Not only is this clearly problematic for the environment given the sheer size of the waste in landfills, it’s also not necessarily a fruitful business model for the recipient country’s entrepreneurs and economy. While these overseas entrepreneurs are leveraging what they can with the secondhand clothing markets and truly embodying circularity with how they creatively make the most of our waste, many of them have to go into debt to participate in it, struggle to make a profit, and express distaste for having to serve as our dumping grounds. Plus, secondhand bales have undermined the local textile economy, causing them to have to drive down their prices, making it impossible to compete and keep up. This system is unjust, causing both an environmental and an economic burden. This is known as waste colonialism.

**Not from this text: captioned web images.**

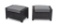 RST Deco woven set of 2 club ottoman bring help to load
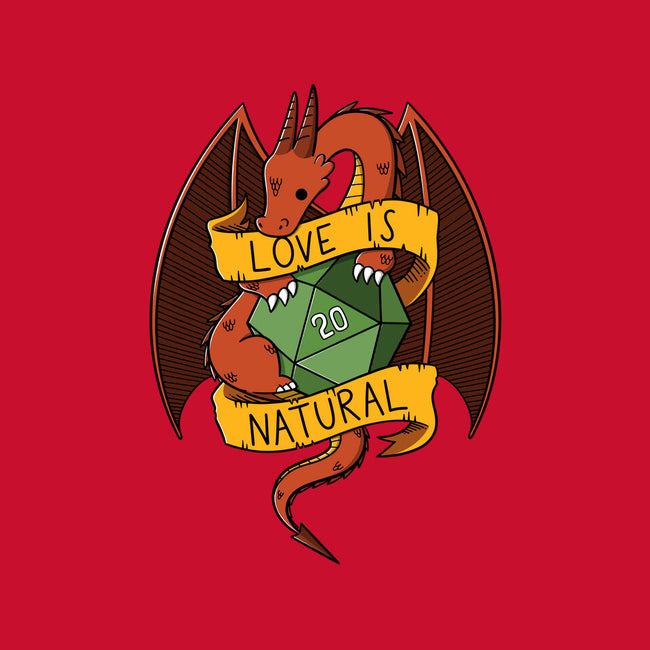 Love is Natural-unisex basic tee-TaylorRoss1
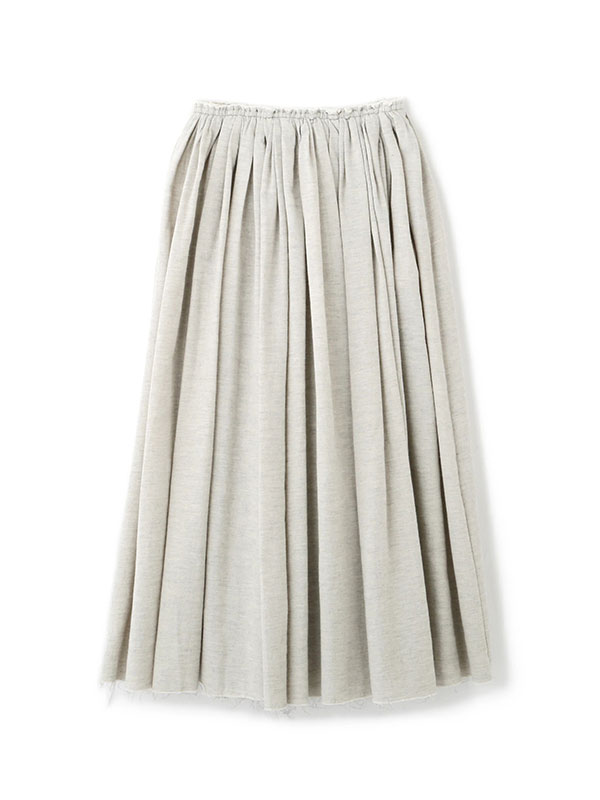 ダブルクロスボリュームスカート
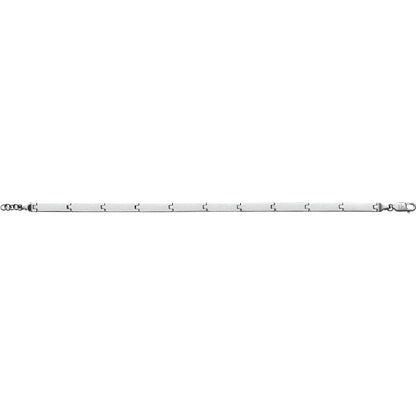 Supreme®/Jacob & Co Logo Link Bracelet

The moral of the story? The burden of our waste in the Global North is intentionally and adversely transferred to those in the Global South and harms their homes, health, and economies. It’s definitely not the feel-good picture of our donated goods going to a new family in our own community.
Wait, So What Should I Do With My Clothes?
As we learned, donating your unwanted clothes probably shouldn’t be your first choice. But we won’t leave you hanging without some ideas of what to do instead. You want to rehome your pieces where you know they can actually get a good second life. Here are some ideas:
Gift to friends & family
Take them to a clothing swap
Sell them yourself
Recycle responsibly (most recycling centers export their clothes to the secondhand markets, too)
Donate strategically to cause-based charities that clearly define what they need
Overall, the best thing you can do is only add clothes to your wardrobe that you truly love and won’t want to get rid of down the line. Of course, it’s inevitable that we will all have clothes to pass on at some point. Be intentional to care for your clothes and responsibly rehome them when the time comes.